Но когда автор спускается с колокольни, меняет историческую оптику на актуальное выяснение отношений даже с классиками, давно ставшими предметом филологических штудий, картина резко меняется, писательское обаяние возвращается к нему.
Особенно замечательна в этом смысле университетская лекция перед американскими студентами «Блеск и нищета русской литературы». Вместо спокойного хронологического перечисления авторов и конкретных характеристик произведений Довлатов создает из русских классиков и современников два непримиримых лагеря — публицистов и эстетов — и предлагает даже не портреты, а мгновенные шаржи, где историческая объективность приносится в жертву очевидной личной пристрастности.
Вот довлатовский Тургенев: «Тургенев начал с гениальных „Записок охотника“, затем писал романы „с идеями“ и уже при жизни утратил свою былую славу. Защищая Тургенева, его поклонники любят говорить о выдающихся описаниях природы у Тургенева, мне же эти описания кажутся плоскими и натуралистичными, они, я думаю, могли бы заинтересовать лишь ботаника или краеведа. Герои Тургенева схематичны, а знаменитые тургеневские женщины вызывают любые чувства, кроме желания с ними познакомиться. В наши дни мне трудно представить себе интеллигента, перечитывающего романы Тургенева без какой-либо практической или академической цели вроде написания ученой диссертации на тему: „Тургенев и русская общественная мысль 60-х годов девятнадцатого столетия“».
А вот — еще хлеще — Лев Толстой: «Лев Толстой, написав десяток гениальных книг, создал затем бесплодное нравственное учение, отрекся от своих произведений, исписал тысячи страниц необычайно скучными баснями для народа и почти дегенеративными трактатами об искусстве, о балете и шекспировской драме и умер в страшных нравственных мучениях на заброшенной железнодорожной станции, покинув семью и не разрешив ни одну из мучивших его проблем».
Было бы скучным педантизмом спрашивать, кто считает критерием качества литературных персонажей желание с ними познакомиться, какие толстовские басни составляют тысячи страниц, почему «каторга, ссылка, солдатчина» Достоевского связаны «с попытками утвердить себя во внехудожественных сферах» (ведь не сам же себя он отправил на каторгу).
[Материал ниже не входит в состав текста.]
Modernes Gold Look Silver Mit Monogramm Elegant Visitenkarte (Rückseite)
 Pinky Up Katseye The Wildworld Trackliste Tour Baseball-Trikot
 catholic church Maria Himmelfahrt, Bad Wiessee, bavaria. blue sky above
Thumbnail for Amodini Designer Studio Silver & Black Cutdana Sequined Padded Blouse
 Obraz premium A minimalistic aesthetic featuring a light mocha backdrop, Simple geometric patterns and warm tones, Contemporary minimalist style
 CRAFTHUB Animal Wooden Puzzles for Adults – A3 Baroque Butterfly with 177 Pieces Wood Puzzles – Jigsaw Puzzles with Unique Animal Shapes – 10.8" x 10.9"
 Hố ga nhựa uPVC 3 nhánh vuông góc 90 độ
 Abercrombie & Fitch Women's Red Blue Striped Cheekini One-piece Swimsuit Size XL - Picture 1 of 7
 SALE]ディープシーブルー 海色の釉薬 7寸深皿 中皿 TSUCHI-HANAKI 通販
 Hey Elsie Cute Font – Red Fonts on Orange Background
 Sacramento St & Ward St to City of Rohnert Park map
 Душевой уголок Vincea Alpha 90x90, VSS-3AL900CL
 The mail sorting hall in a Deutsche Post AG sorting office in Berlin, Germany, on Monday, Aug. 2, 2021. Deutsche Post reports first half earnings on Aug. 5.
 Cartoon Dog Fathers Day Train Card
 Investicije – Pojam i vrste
Это, скорее, литературные анекдоты в духе Хармса (хотя слушатели Довлатова о таком авторе, вероятно, не подозревали).
Зато этим общественно-озабоченным личностям противопоставлены образы «чистого эстета», «художника по преимуществу» Пушкина (как будто он не писал «Вольность» и послания к декабристам) и истинного европейца Чехова, «не запятнавшего себя никакими общественно-политическими выходками и фокусами» (как будто поездка на Сахалин или выход из почетных академиков не были такими фокусами).
Филологическая проза Довлатова привлекательна не объективностью, а как раз личным тоном, язвительностью или юмором — теми же свойствами, которыми отличается его «обычная» проза.
Но в ней есть и другое: точность характеристики, добытая, однако, не рефлексивно-логическим путем, накоплением и анализом материала, а мгновенным афористическим уколом.
Когда-то Довлатова назвали писателем фразы: «Он и рассказ стремился разместить на каркасе фразы (или фраз), но, бывало, фразой и ограничивался» (Лемхин М. Прощай, Сергей // Русская мысль. 1990. № 3843. 31 августа. С. 17).